- _What the task asks_: The copy must run from the first line of the entries below through the line containing "مسلسل النمو الوحشي", restated word for word, with pictures left out.

── Dataset excerpts

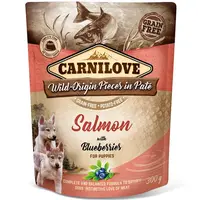Carnilove Dog Pouch Paté Salmon with Blueberries for Puppies 300 g | Kapsička pro psy
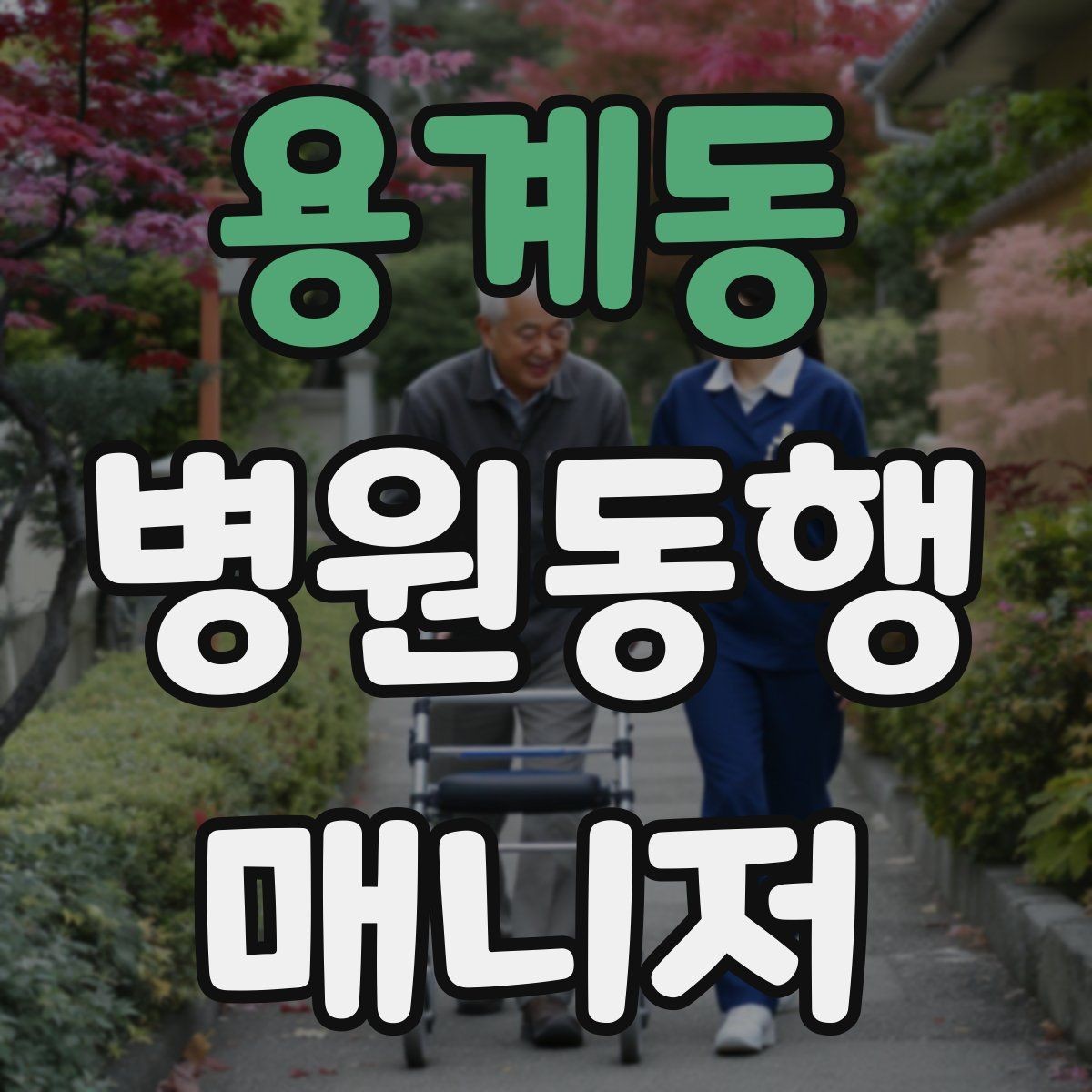용계동 병원동행매니저 자격증 발급 기관 선택 시 주의사항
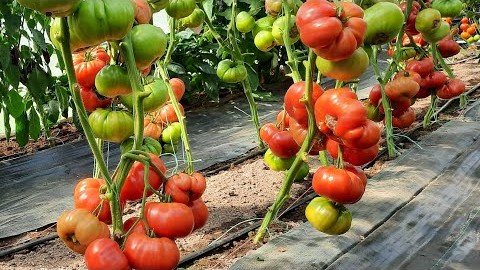 Проверенный сорт томатов - Оксихарт Бельмонте
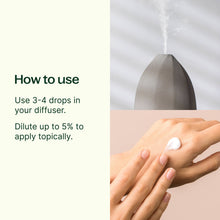 Load image into Gallery viewer, Plant Therapy - Peppermint Essential Oil 10 mL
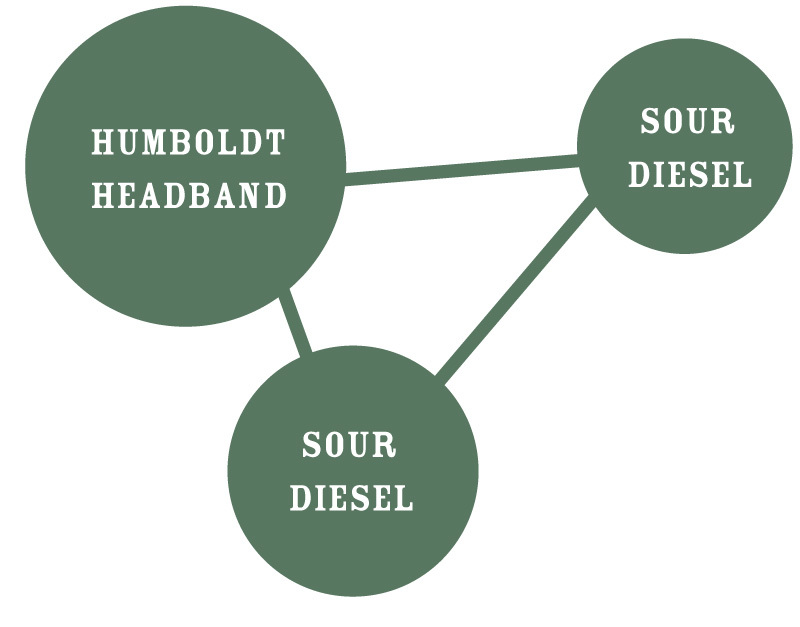 Humboldt Seed Company - Humboldt Sour Diesel (fem.)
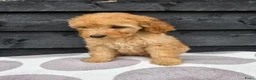 Labradoodle honden te koop: Labradoodle Onwijs mooie Teefjes Beschikbaar  - Advertentie 6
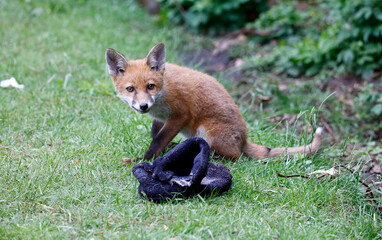 Urban fox cubs playing and exploring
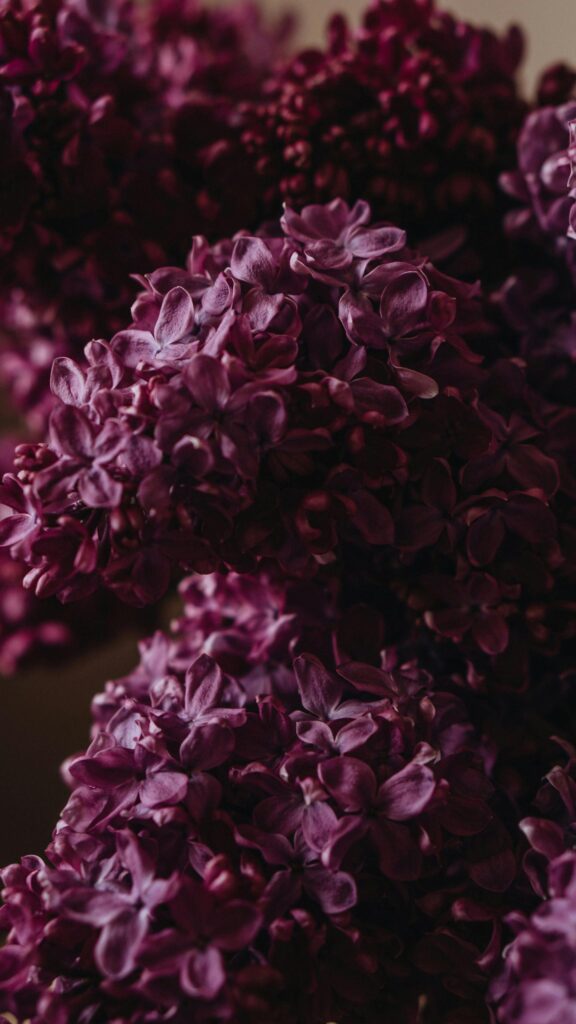Deep Purple Lilac Blossom Macro Aesthetic Phone Wallpaper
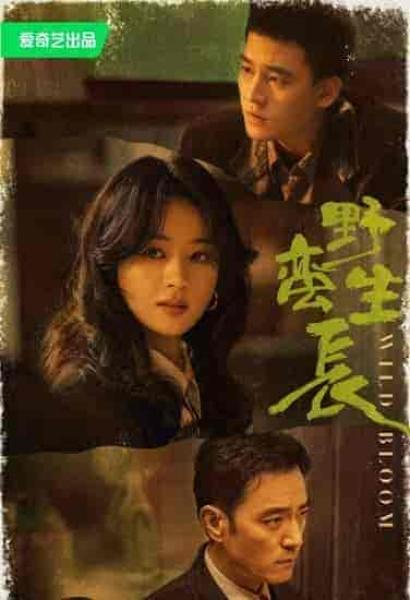 مسلسل النمو الوحشي Wild Bloom الحلقة 21 مترجمة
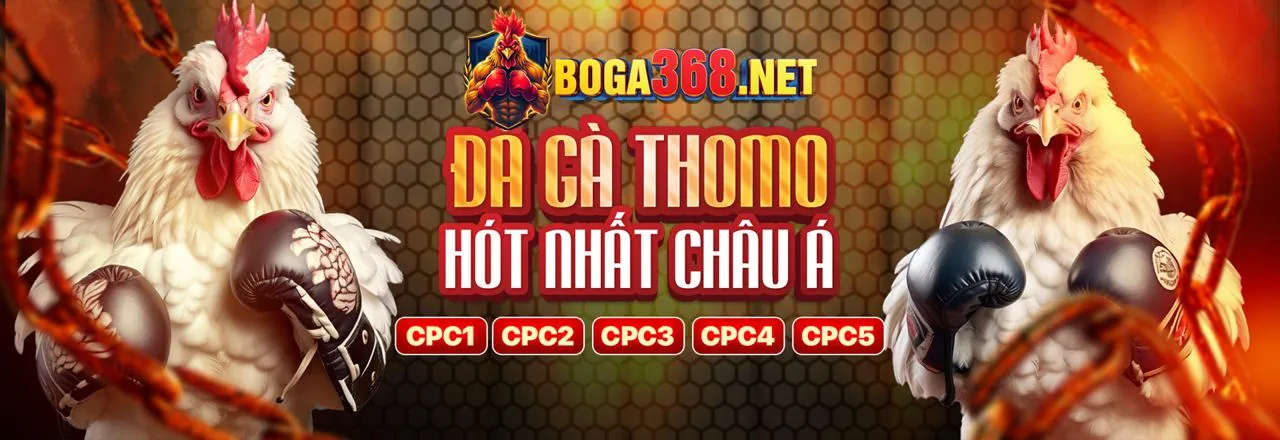 Hình ảnh chính về cá cược thể thao mot88 win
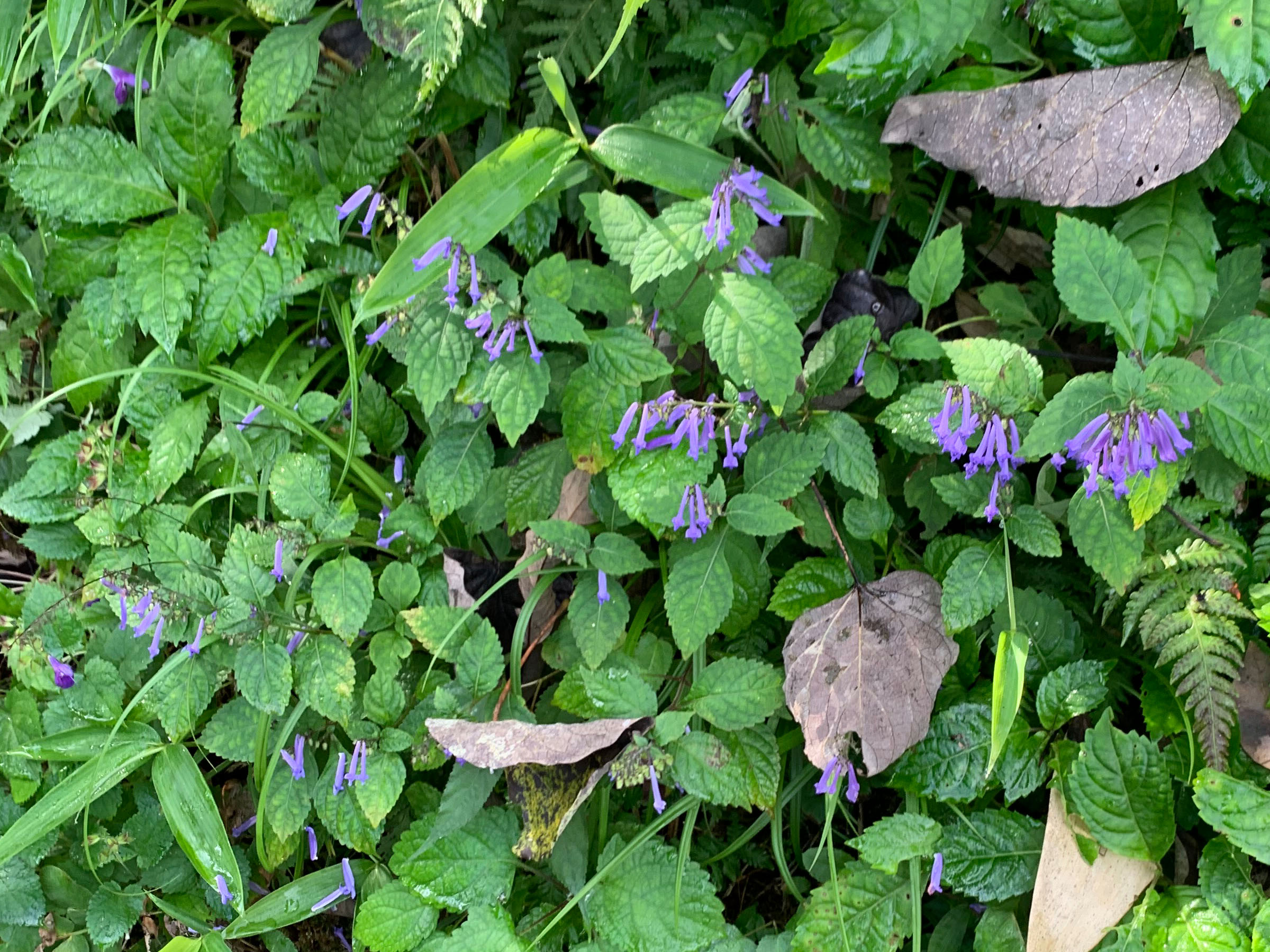 7.�����h�E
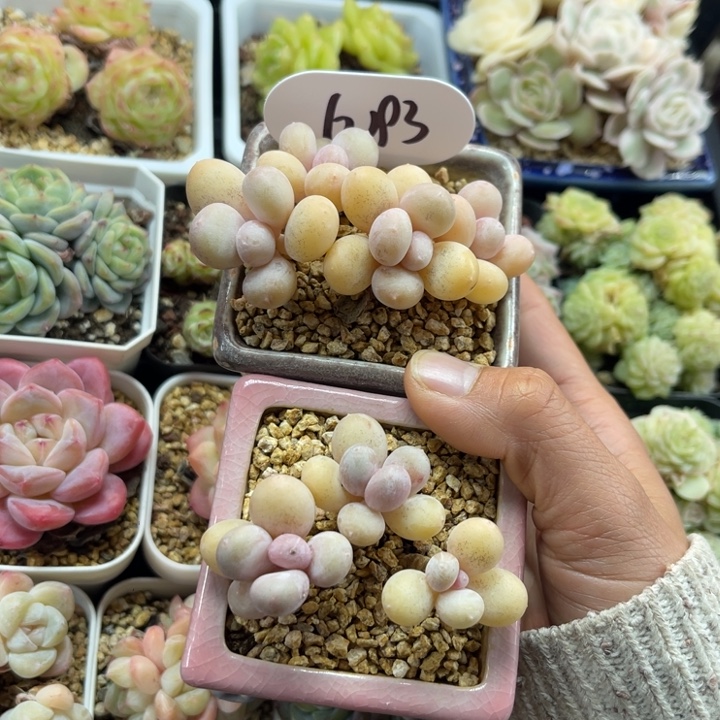 喜***0蛋黄奶两颗专拍6193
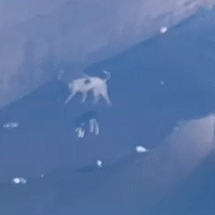 Protetores tentam h&aacute; dias resgatar animais presos &agrave;s margens do C&oacute;rrego Segredo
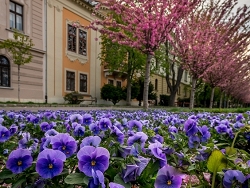 Budapest Blooms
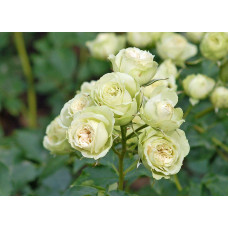 Троянда флорібунда Лавлі Грін | Rose floribunda Lovely Green | Роза флорибунда Лавли Грин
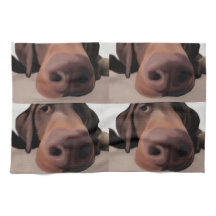 Nariz de perro del paño de la cocina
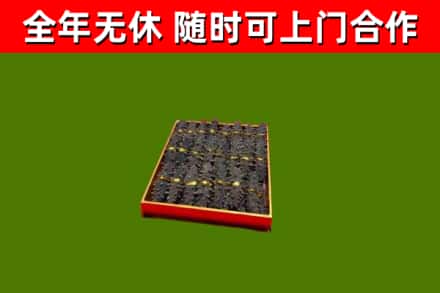 南部县回收海参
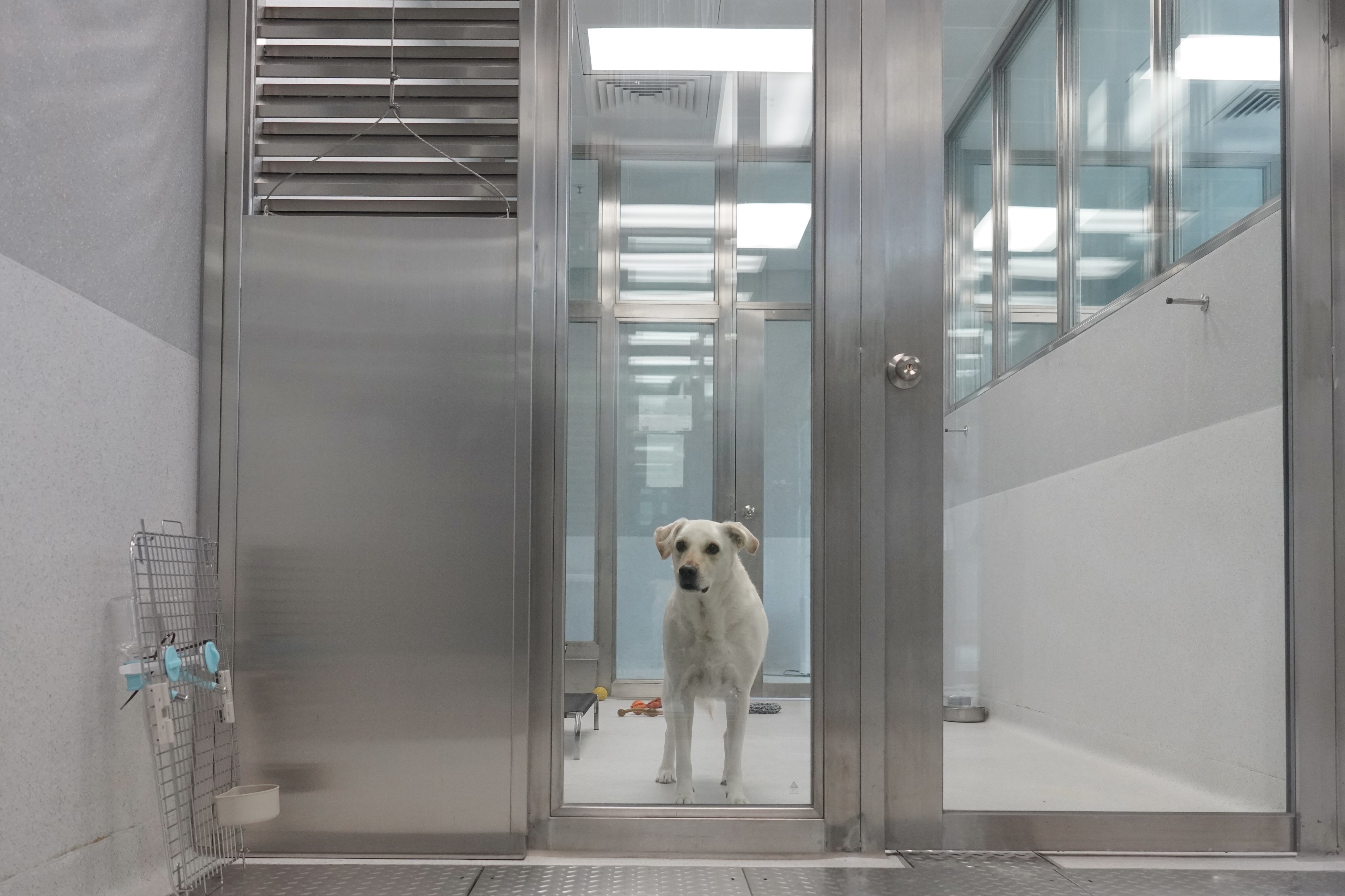 There has been an increase in applications to import pets after the city cut the quarantine period from the mainland. Photo: Karma Lo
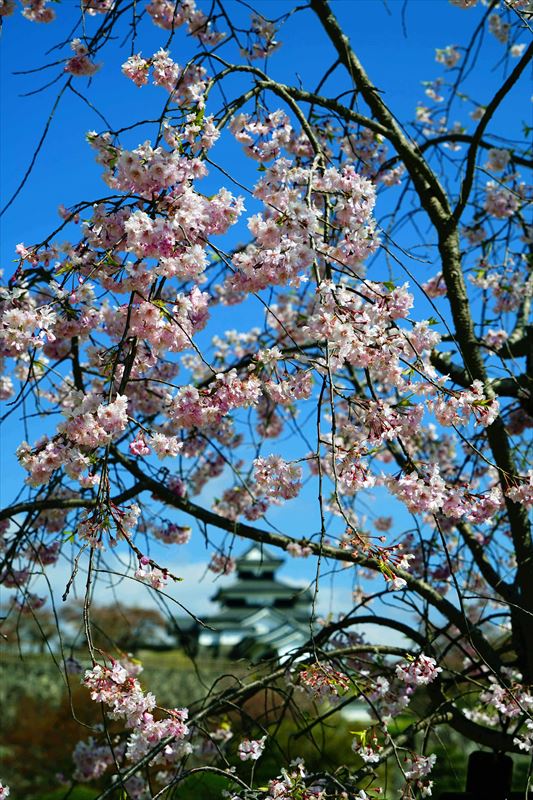 1051_白河市小峰城_福島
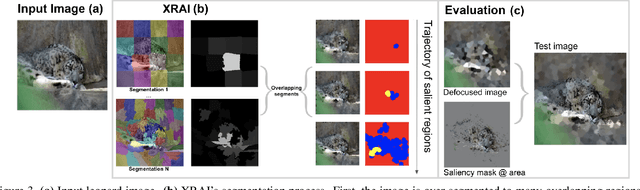 Figure 4 for Segment Integrated Gradients: Better attributions through regions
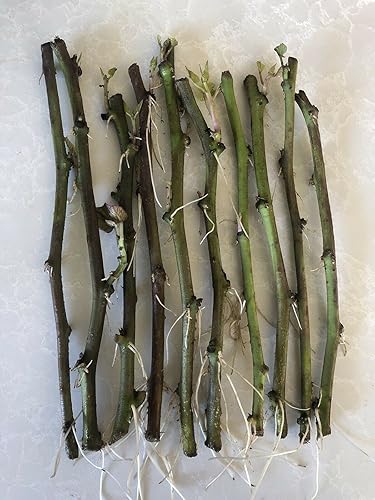 10 hojas de batata enraizadas enredaderas frescas con raíces fáciles de cultivar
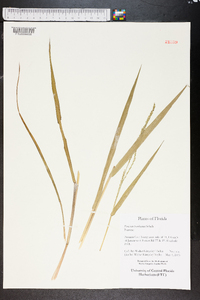 Panicum hemitomon image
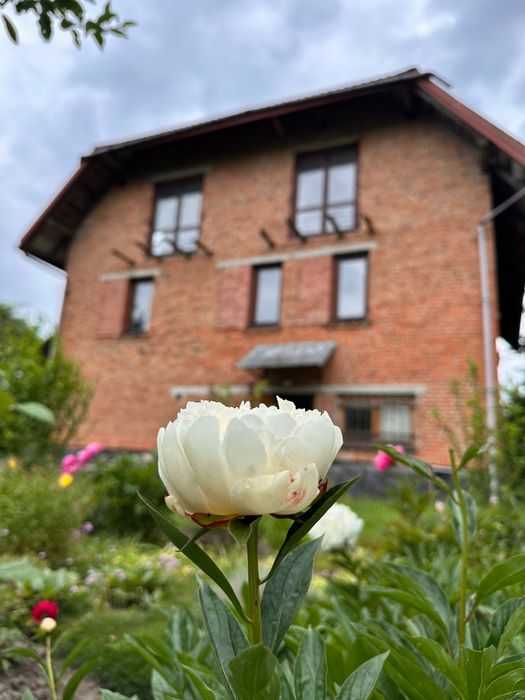 Продаж будинку Пустомити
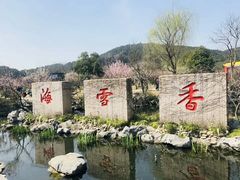 -香雪海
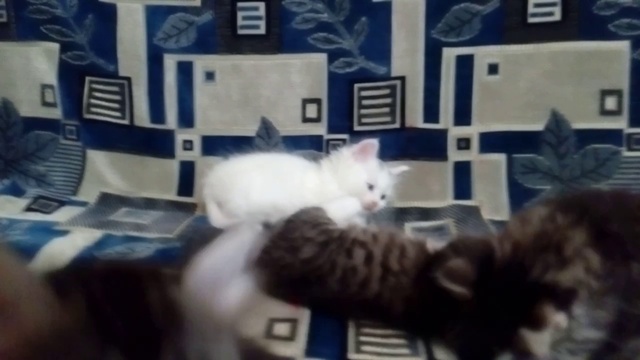 Мои котэ!!!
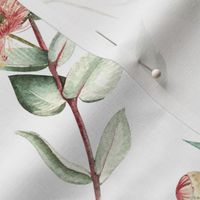 Native Eucalyptus Leaves With Blossoms On White D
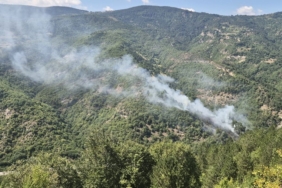 Sinop'ta Orman Yangını Kontrol Altına Alındı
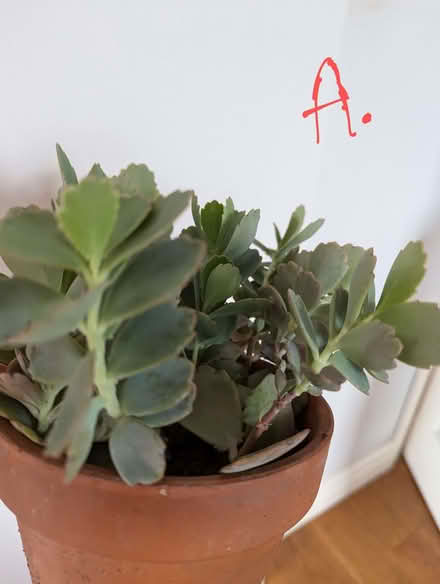 Photo of free House Plants Succulents (Westgate LA3) #2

────

- _Answer section_:
Carnilove Dog Pouch Paté Salmon with Blueberries for Puppies 300 g | Kapsička pro psy
용계동 병원동행매니저 자격증 발급 기관 선택 시 주의사항
 Проверенный сорт томатов - Оксихарт Бельмонте
 Load image into Gallery viewer, Plant Therapy - Peppermint Essential Oil 10 mL
 Humboldt Seed Company - Humboldt Sour Diesel (fem.)
 Labradoodle honden te koop: Labradoodle Onwijs mooie Teefjes Beschikbaar  - Advertentie 6
 Urban fox cubs playing and exploring
Deep Purple Lilac Blossom Macro Aesthetic Phone Wallpaper
 مسلسل النمو الوحشي Wild Bloom الحلقة 21 مترجمة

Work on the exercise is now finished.